Ensuite, cette situation conduit au maintien contestable d'un plan d'austérité sur les principaux postes de protection sociale. Le déficit viendrait justifier la perte de pouvoir d'achat infligée en 2019 et 2020 sur des millions de retraités et de familles qui voient leurs retraites et allocations familiales plafonnées à 0,3% de hausse soit en deçà de l'inflation (1%). Dans un climat social qui reste fragile, comme l'a reconnu le président de la République, n'est-ce pas prendre un risque de rallumer les braises et de nourrir un cercle vicieux de violences-contreparties financières-austérité sociale-violences… C'est en cela une erreur politique.

France au XXIe siècle...

Avec ce budget 2020, les parlementaires devraient s'intéresser bien davantage au modèle de protection sociale de la France au XXIe siècle qu'au déficit comptable. C'est d'autant plus stratégique que cela fait aussi des années qu'on Une femme consultant sur son portable le site ameli.fr 68797fait de la Sécu ce qui n'est pas sa mission première, une institution d'assistance aux plus défavorisés. Déprécier la qualité de la protection sociale des classes moyennes, comme c'est le cas pour les pensions, la santé et la politique familiale, conduit notre modèle social vers le modèle anglo-saxon du « safety net », en effet du ressort de l'État. Il reste plus qu'à conditionner le remboursement des dépenses de santé aux conditions de revenus et la bascule sera réalisée.

La branche de la Sécu probablement la plus malade et pour laquelle le budget 2020 est d'une continuité désespérante du passé est incontestablement la maladie.

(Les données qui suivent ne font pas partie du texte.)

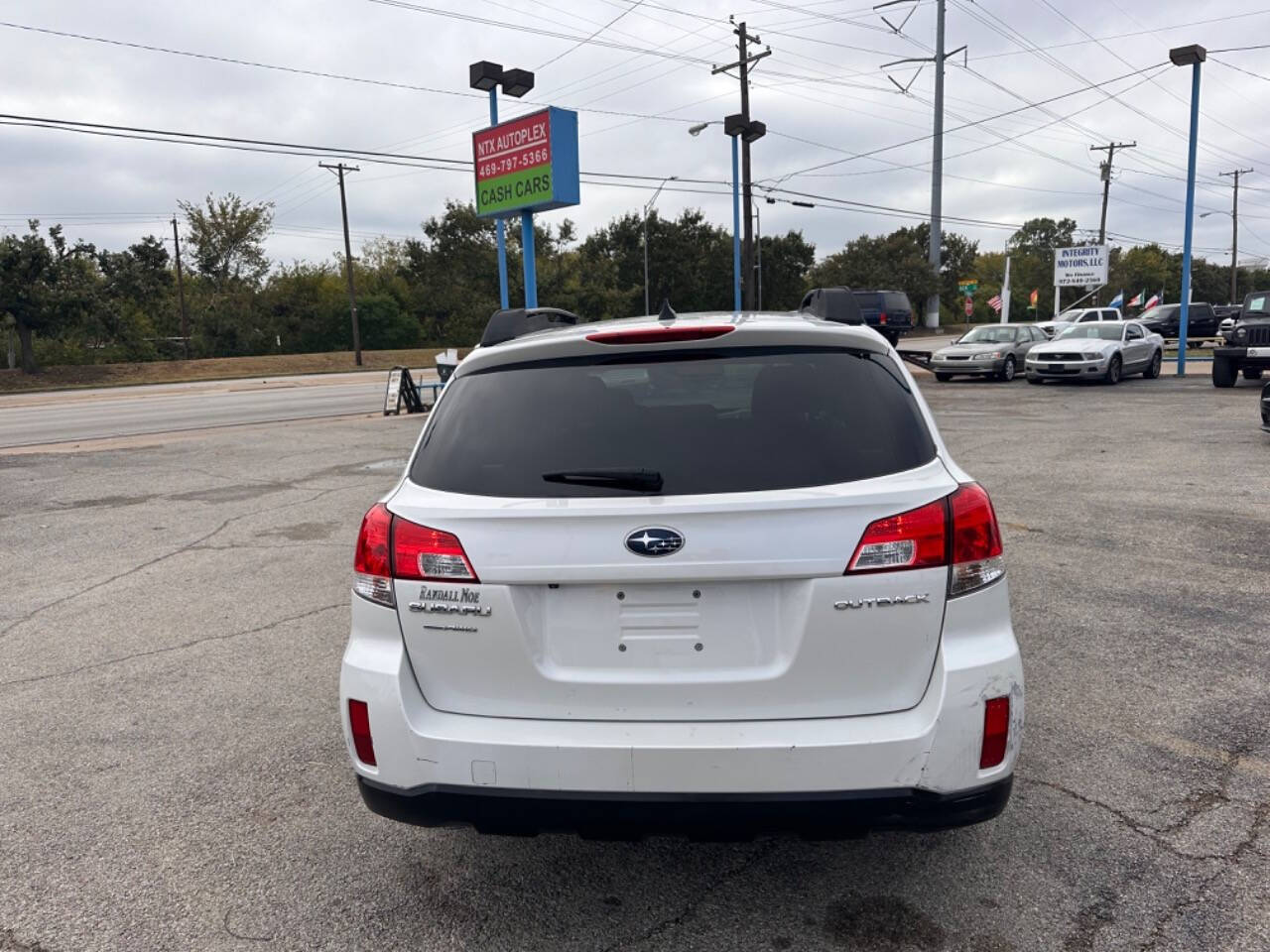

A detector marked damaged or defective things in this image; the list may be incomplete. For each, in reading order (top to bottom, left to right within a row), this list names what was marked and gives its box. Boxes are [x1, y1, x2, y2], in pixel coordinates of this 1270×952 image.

cracked asphalt [2, 373, 1270, 952]
rear bumper damage [337, 579, 1024, 833]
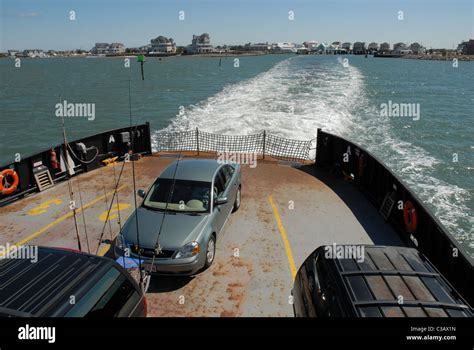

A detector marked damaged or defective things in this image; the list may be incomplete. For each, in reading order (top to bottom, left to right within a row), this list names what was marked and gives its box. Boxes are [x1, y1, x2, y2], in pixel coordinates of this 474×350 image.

La construction du plan d'économies de 4,2 milliards d'euros est désespérément conçue à partir des mêmes ratios par les ordinateurs de Bercy entre les secteurs depuis dix ans. On rabote pour 76% sur les prix et les moyens et on fait de l'efficience pour 24%. C'est le ratio inverse qu'il faudrait utiliser, mais ce n'est pas du ressort de Bercy !

Paupérisation du système...

Si Bercy impose ces économies, ce n'est pas qu'une question de pouvoir mais d'absence de mesures d'efficience à fort impact dans la stratégie nationale de santé. Par défaut, le budget continue la seule politique qui garantit la maîtrise des coûts : la baisse des prix sur les produits (médicaments) et services (rémunération des soignants) de santé. Entre 2009 et 2018, les prix ont baissé en moyenne de 0,3% chaque année et les volumes ont augmenté de 2,4% par an. Cette politique déflationniste en santé depuis dix ans a paupérisé le système et donne le sentiment aux soignants d'être sur une sorte de « radeau de la 'Méduse' ».

Avec un niveau de dépenses sociales le plus élevé des pays de l'OCDE, l'argument de la contrainte budgétaire n'est pas sérieux. Les autres pays ont fait des choix, souvent conformes à leur culture et à leur histoire. Il reste à la France à faire son choix de modèle social.

Par Frédéric BIZARD
Économiste, professeur affilié à ESCP Europe et président de l'Institut Santé.